### RECORDS SUPPLIED

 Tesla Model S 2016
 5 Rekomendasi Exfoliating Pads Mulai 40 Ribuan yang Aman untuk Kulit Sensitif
--
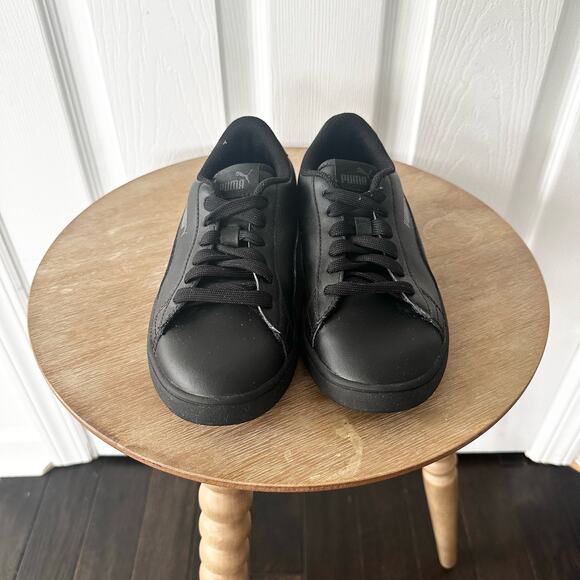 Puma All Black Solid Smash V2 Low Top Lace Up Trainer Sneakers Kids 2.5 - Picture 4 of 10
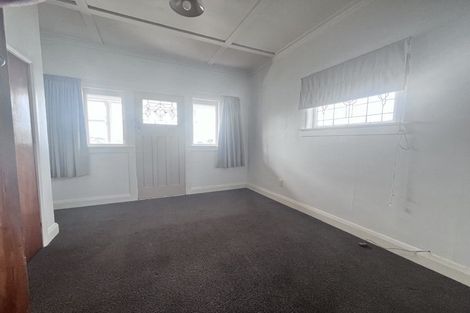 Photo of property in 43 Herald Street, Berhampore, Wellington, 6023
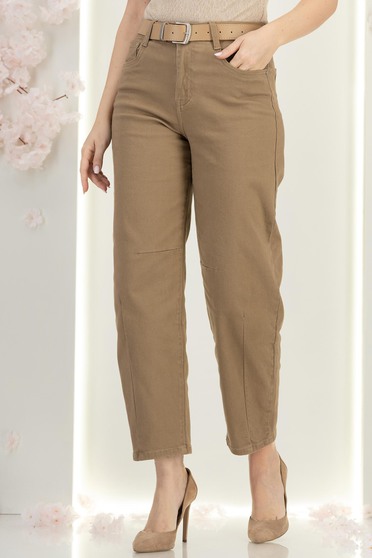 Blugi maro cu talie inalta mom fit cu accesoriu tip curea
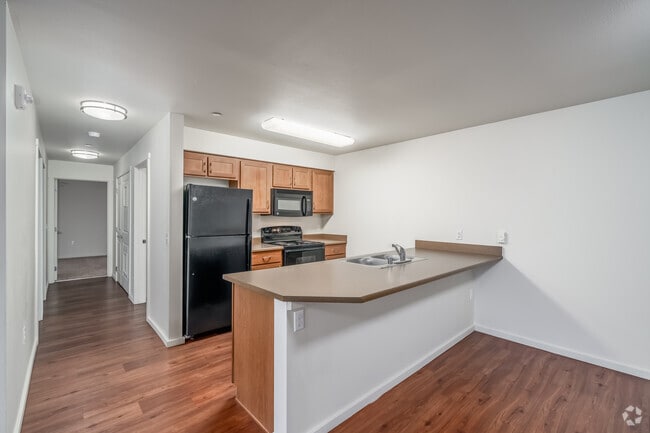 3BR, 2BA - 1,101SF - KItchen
--
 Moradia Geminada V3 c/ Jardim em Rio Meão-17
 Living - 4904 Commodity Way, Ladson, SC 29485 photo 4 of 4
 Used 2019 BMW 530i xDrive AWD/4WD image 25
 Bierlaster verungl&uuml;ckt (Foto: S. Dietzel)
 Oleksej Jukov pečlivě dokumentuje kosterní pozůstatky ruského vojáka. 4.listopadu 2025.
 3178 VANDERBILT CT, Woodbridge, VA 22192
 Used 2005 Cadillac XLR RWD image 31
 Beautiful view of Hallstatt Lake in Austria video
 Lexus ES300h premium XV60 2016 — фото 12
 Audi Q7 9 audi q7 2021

### EXERCISE DETAILS
Every line above from the line with "Used 2005 Cadillac XLR RWD image 31" to the line with "Audi Q7 9 audi q7 2021" is wanted, ends included; write them out exactly and add no other line.

### TASK ANSWER
 Used 2005 Cadillac XLR RWD image 31
 Beautiful view of Hallstatt Lake in Austria video
 Lexus ES300h premium XV60 2016 — фото 12
 Audi Q7 9 audi q7 2021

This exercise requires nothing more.